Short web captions
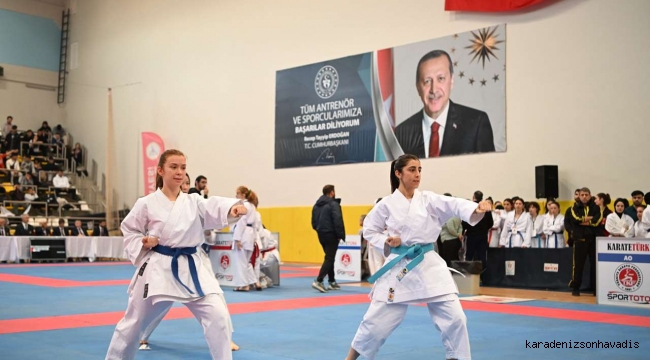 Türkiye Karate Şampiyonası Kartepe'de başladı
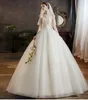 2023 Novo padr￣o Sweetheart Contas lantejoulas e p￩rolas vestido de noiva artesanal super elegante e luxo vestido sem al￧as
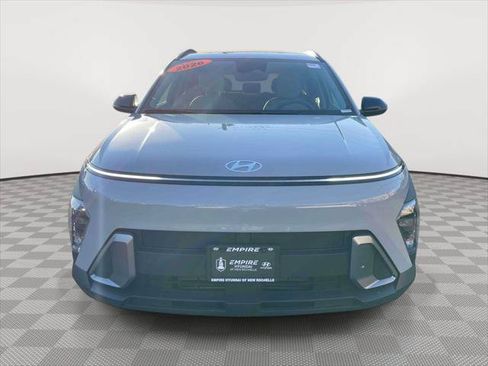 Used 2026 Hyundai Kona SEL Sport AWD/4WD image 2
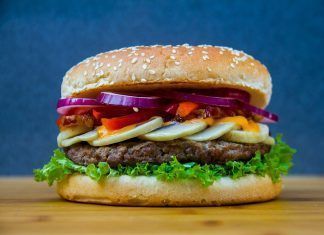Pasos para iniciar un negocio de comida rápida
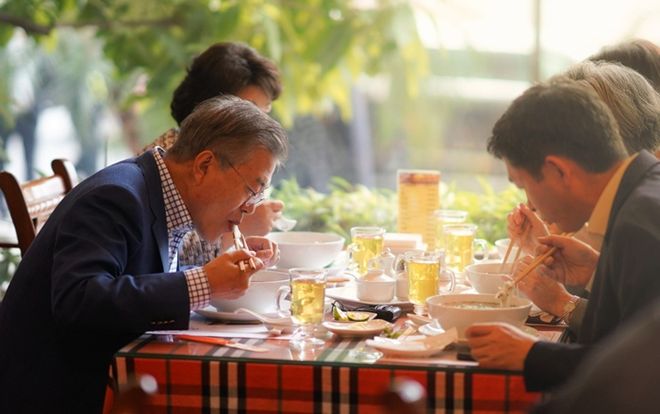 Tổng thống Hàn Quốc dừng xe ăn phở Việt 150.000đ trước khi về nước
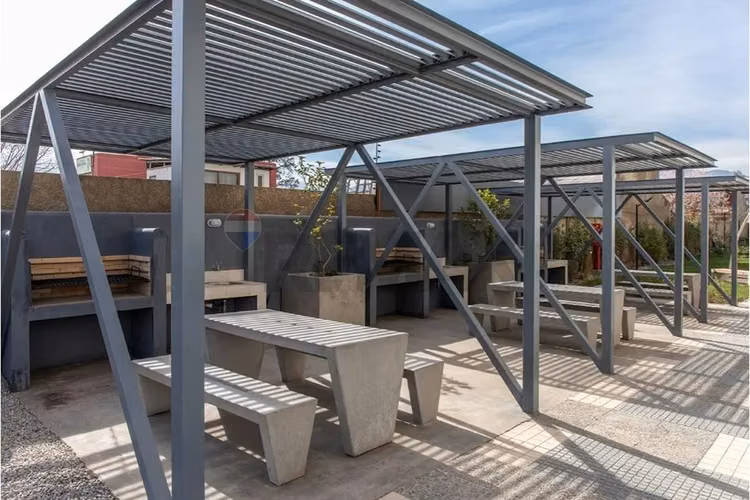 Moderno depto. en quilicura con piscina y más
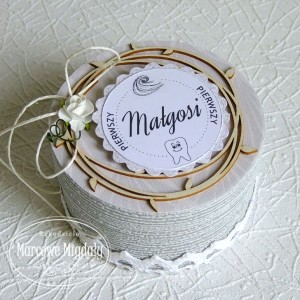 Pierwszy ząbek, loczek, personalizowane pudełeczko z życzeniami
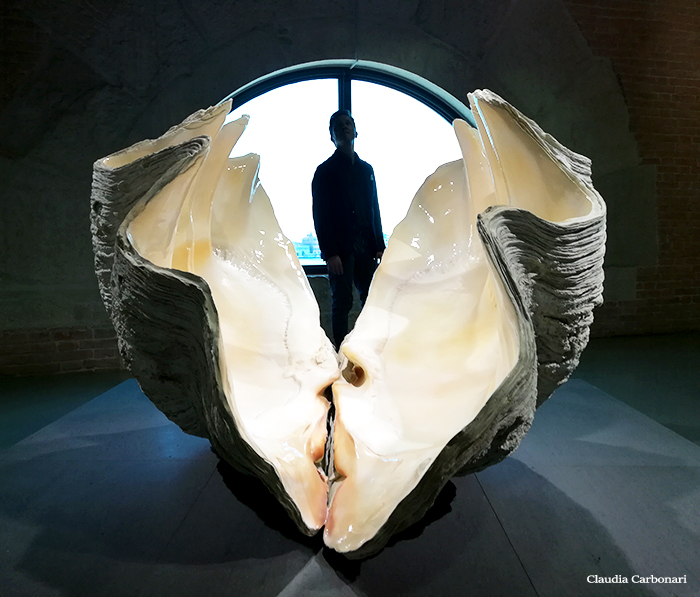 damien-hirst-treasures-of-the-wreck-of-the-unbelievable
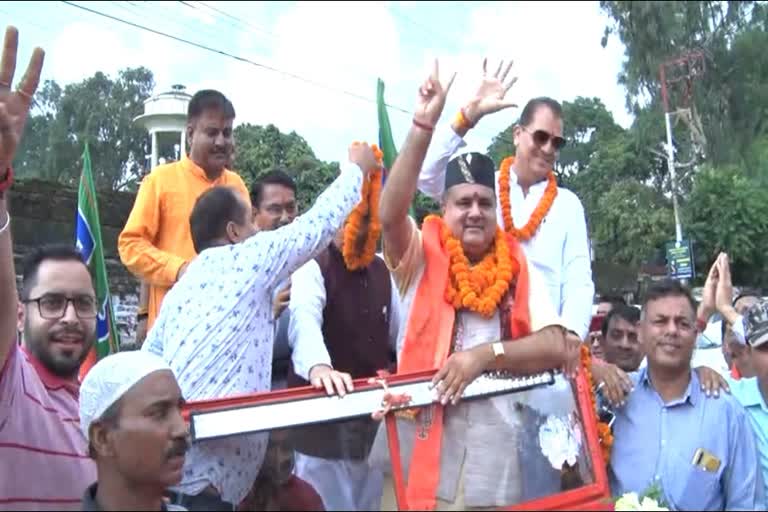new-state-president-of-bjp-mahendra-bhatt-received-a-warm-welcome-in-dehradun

▶ What needs to be done: The records above should be copied word for word, with the pictures left out.

▶ Solved problem:
 Türkiye Karate Şampiyonası Kartepe'de başladı
 2023 Novo padr￣o Sweetheart Contas lantejoulas e p￩rolas vestido de noiva artesanal super elegante e luxo vestido sem al￧as
 Used 2026 Hyundai Kona SEL Sport AWD/4WD image 2
Pasos para iniciar un negocio de comida rápida
 Tổng thống Hàn Quốc dừng xe ăn phở Việt 150.000đ trước khi về nước
 Moderno depto. en quilicura con piscina y más
 Pierwszy ząbek, loczek, personalizowane pudełeczko z życzeniami
 damien-hirst-treasures-of-the-wreck-of-the-unbelievable
new-state-president-of-bjp-mahendra-bhatt-received-a-warm-welcome-in-dehradun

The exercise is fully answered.